ACTION ITEM
When you reach the line holding "[Filet-o-fish] mahou shoujo?" in the material below, return that line and each one after it, word for word, with the pictures dropped.

=======

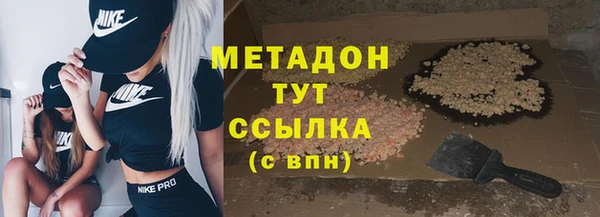 гашик Вязники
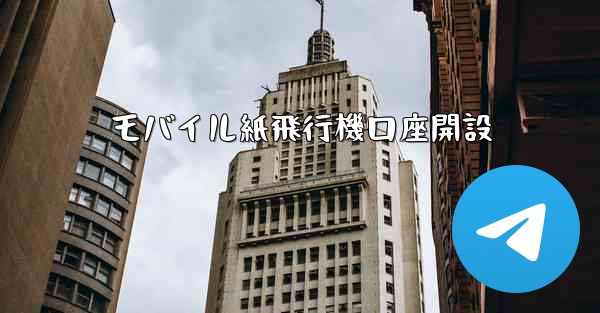 モバイル紙飛行機口座開設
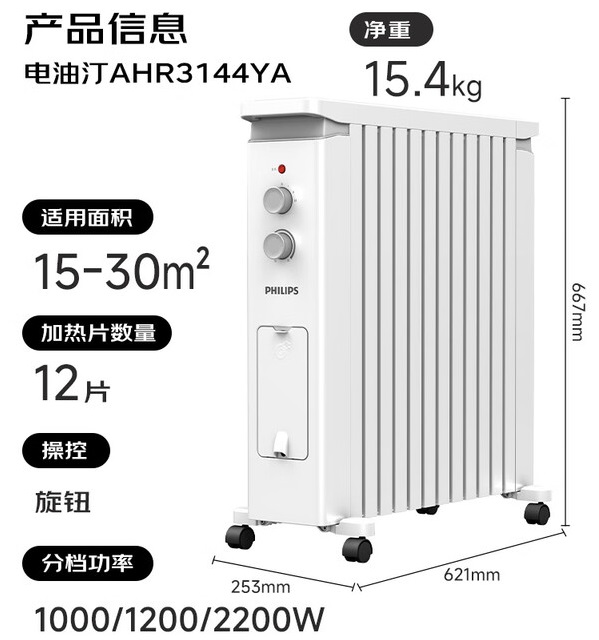 飞利浦 封闭式油汀 AHR3144YA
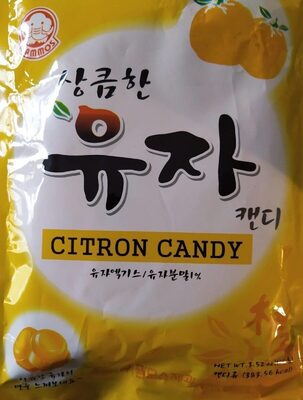 CANDY CITRON FLAVOR 80G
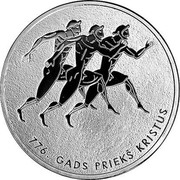 Latvia Lats 100 years in Olympic Games 2012 Proof KM# 128 776. GADS PRIEKŠ KRISTUS coin reverse Latvia Lats 100 years in Olympic Games 2012 Proof KM# 128 776. GADS PRIEKŠ KRISTUS coin reverse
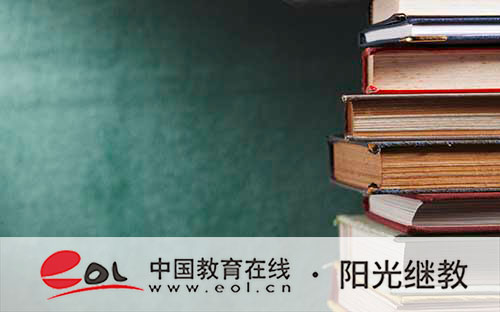 福州市成人高考如何報名？需要哪些材料？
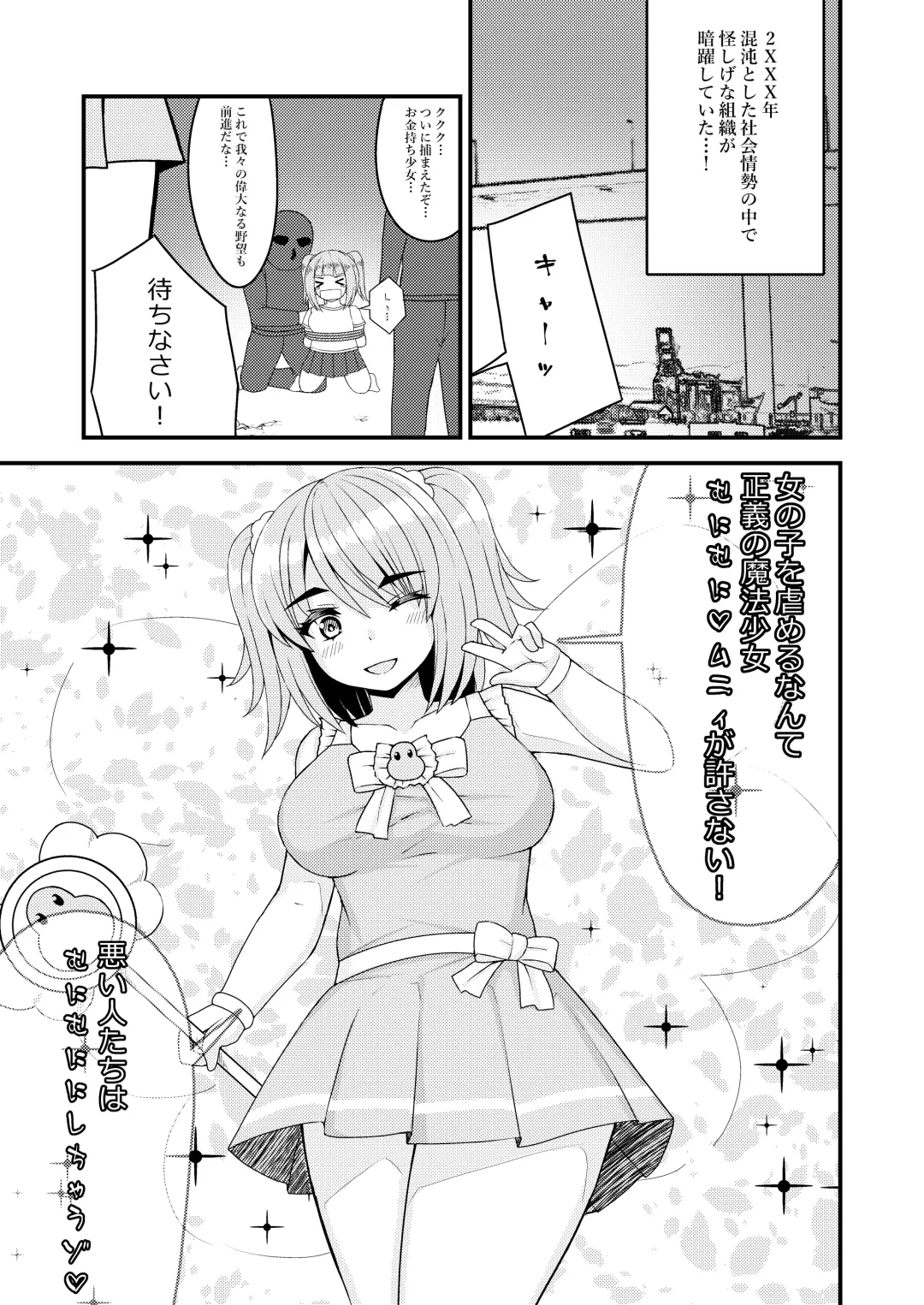 [Filet-o-fish] mahou shoujo? muni muni muni Fhentai - Page 2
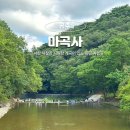 마곡사3 | 공주 마곡사 상원계곡 유네스코 여행지 충남 가볼만한곳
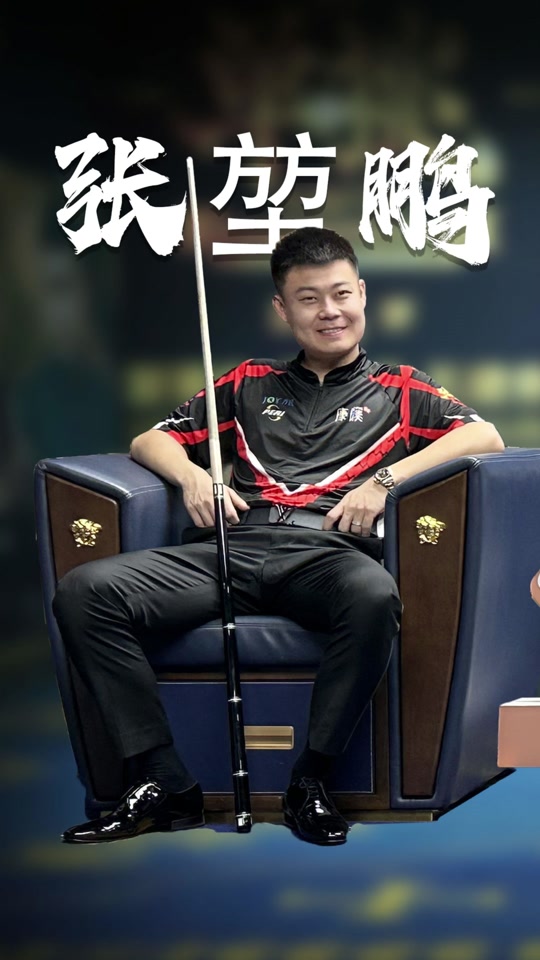 人匹敌的得 人匹敌的得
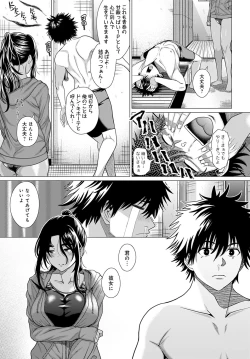 Page 74 of COMIC Anthurium 2023-04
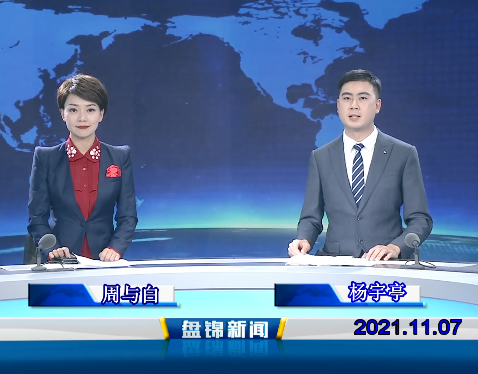 皇冠娱乐新闻2021-11-07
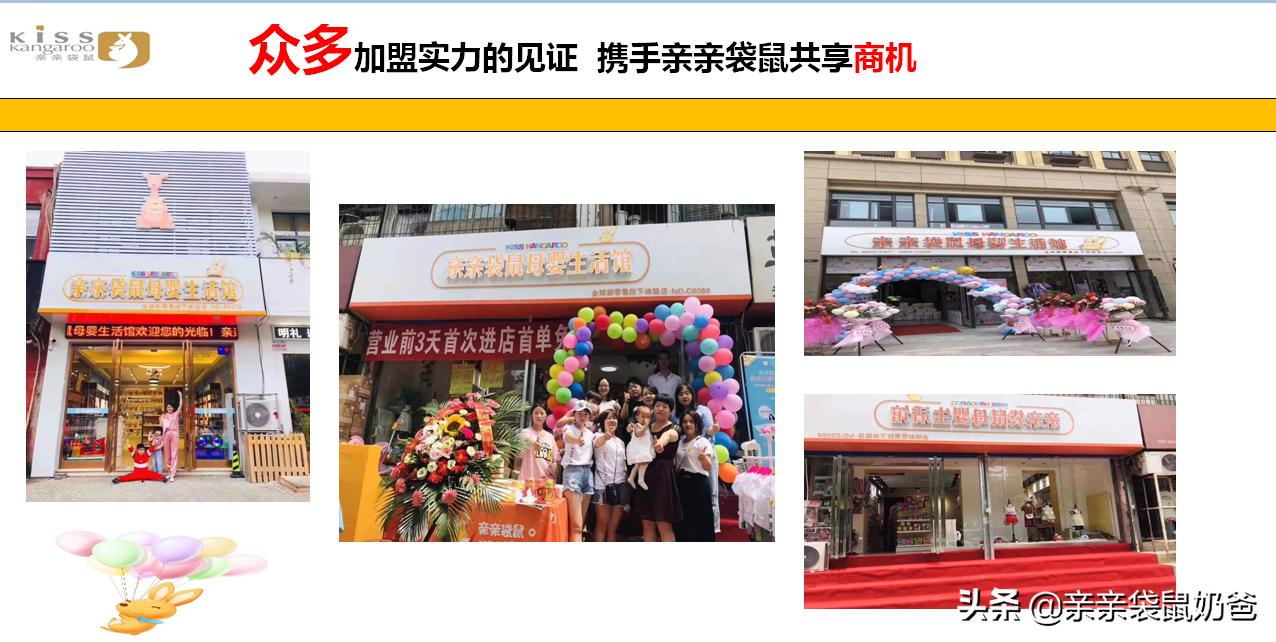 亲亲宝贝母婴坊加盟,亲亲袋鼠母婴店加盟费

=======

ANSWER TO THIS TASK
 [Filet-o-fish] mahou shoujo? muni muni muni Fhentai - Page 2
 마곡사3 | 공주 마곡사 상원계곡 유네스코 여행지 충남 가볼만한곳
 人匹敌的得 人匹敌的得
 Page 74 of COMIC Anthurium 2023-04
 皇冠娱乐新闻2021-11-07
 亲亲宝贝母婴坊加盟,亲亲袋鼠母婴店加盟费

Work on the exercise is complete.